Downloading a website can take considerable time and sometimes you might wish to quickly check the structure of a site in order to fine tune which documents to copy and which to exclude. WebCopy's Quick Scan functionality can help with this.
The quick scan currently only processes each unique page once. For example,
page1.html?valueb=numberwould appear as
page1.htmlin the results and only the first occurrence would be crawled.
Once the scan is complete, a diagram of all found documents is displayed. Each node is colour coded to show how it will be processed when the website is copied.
After the initial scan has complete, additional controls will be displayed allowing you to select how you want the website to be crawled. Changing an option here will automatically update the diagram to indicate how the new mode would affect a copy.

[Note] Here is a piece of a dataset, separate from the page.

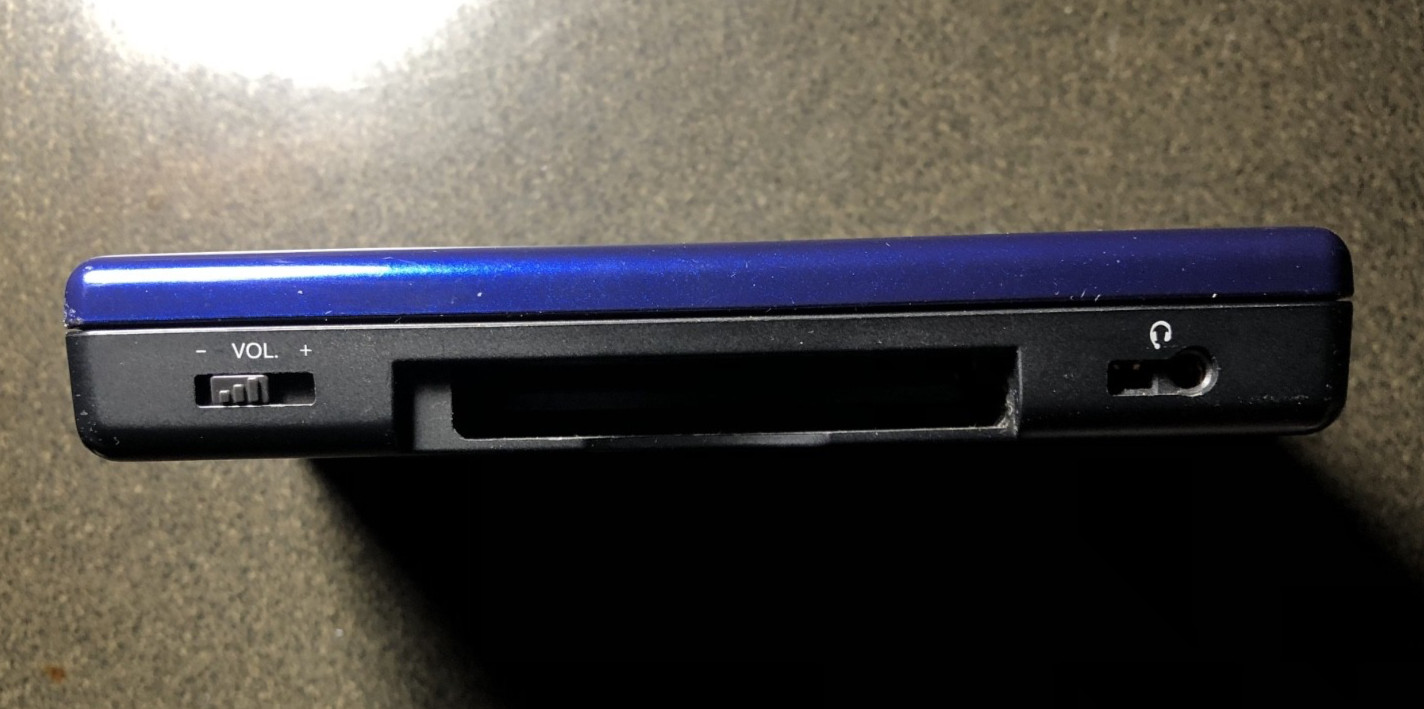 Nintendo DS Lite Blue w/ 1 game – No Charger/Stylus/GBA port Cover – Loose hinge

Use of the Everything option is not recommended and should only be used on sites which are self contained or where rules are used to explicitly exclude addresses. Use of this option may cause WebCopy to become unstable.
By default, WebCopy won't crawl any domain that doesn't match the primary host. Changing the crawl mode settings allows you to expand the crawl to include sub domains or sibling domains, or linked resources no matter where they are located.
WebCopy includes the ability to specify additional domains that will be included in the crawl. You can easily configure these from the Quick Scan window - right click the root node on the diagram for the domain you wish to include and click the Exclude option to toggle the status. The domain should now be highlighted in green, indicating it will be copied.
If you change your might, repeat the process and the domain will be excluded.
To include or exclude any page, right click the relevant diagram node and click Exclude to toggle the status.
Click OK to update your project with the specified configuration changes and close the Quick Scan window.